# User routes on the site
## Description
**Clickstream** is a sequence of user actions on a website. It allows you to understand how users interact with the site. In this task, you need to find the most frequent custom routes.

## Input data
Input data is а table with clickstream data in file `hdfs:/data/clickstream.csv`.

### Table structure
* `user_id (int)` - Unique user identifier.
* `session_id (int)` - Unique identifier for the user session. The user's session lasts until the identifier changes.
* `event_type (string)` - Event type from the list:
    * **page** - visit to the page
    * **event** - any action on the page
    * <b>&lt;custom&gt;</b> - string with any other type
* `event_type (string)` - Page on the site.
* `timestamp (int)` - Unix-timestamp of action.

### Browser errors
Errors can sometimes occur in the user's browser - after such an error appears, we can no longer trust the data of this session and all the following lines after the error or at the same time with it are considered corrupted and **should not be counted** in statistics.

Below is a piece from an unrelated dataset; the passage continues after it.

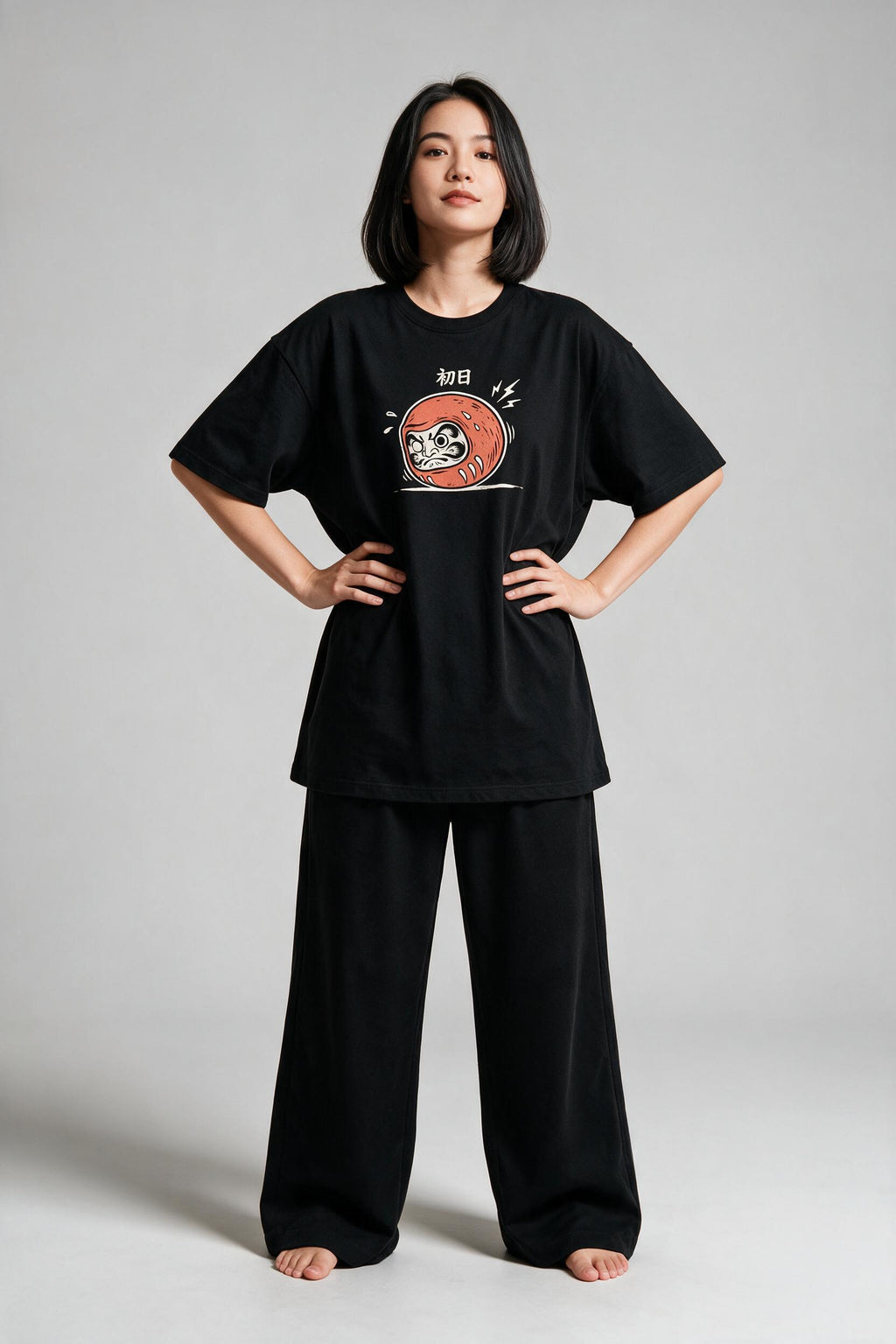 KUROI Daruma Day One oversized tee worn by model, hands on hips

When an error occurs on the page, a random string containing the word **error** will be written to the `event_type` field.

### Sample of user session
<pre>
+-------+----------+------------+----------+----------+
|user_id|session_id|  event_type|event_page| timestamp|
+-------+----------+------------+----------+----------+
|    562|       507|        page|      main|1620494781|
|    562|       507|       event|      main|1620494788|
|    562|       507|       event|      main|1620494798|
|    562|       507|        page|    family|1620494820|
|    562|       507|       event|    family|1620494828|
|    562|       507|        page|      main|1620494848|
|    562|       507|wNaxLlerrorU|      main|1620494865|
|    562|       507|       event|      main|1620494873|
|    562|       507|        page|      news|1620494875|
|    562|       507|        page|   tariffs|1620494876|
|    562|       507|       event|   tariffs|1620494884|
|    562|       514|        page|      main|1620728918|
|    562|       514|       event|      main|1620729174|
|    562|       514|        page|   archive|1620729674|
|    562|       514|        page|     bonus|1620729797|
|    562|       514|        page|   tariffs|1620731090|
|    562|       514|       event|   tariffs|1620731187|
+-------+----------+------------+----------+----------+
</pre>

#### Correct user routes for a given user:
* **Session 507**: main-family-main
* **Session 514**: main-archive-bonus-tariffs

Route elements are ordered by the time they appear in the clickstream, from earliest to latest.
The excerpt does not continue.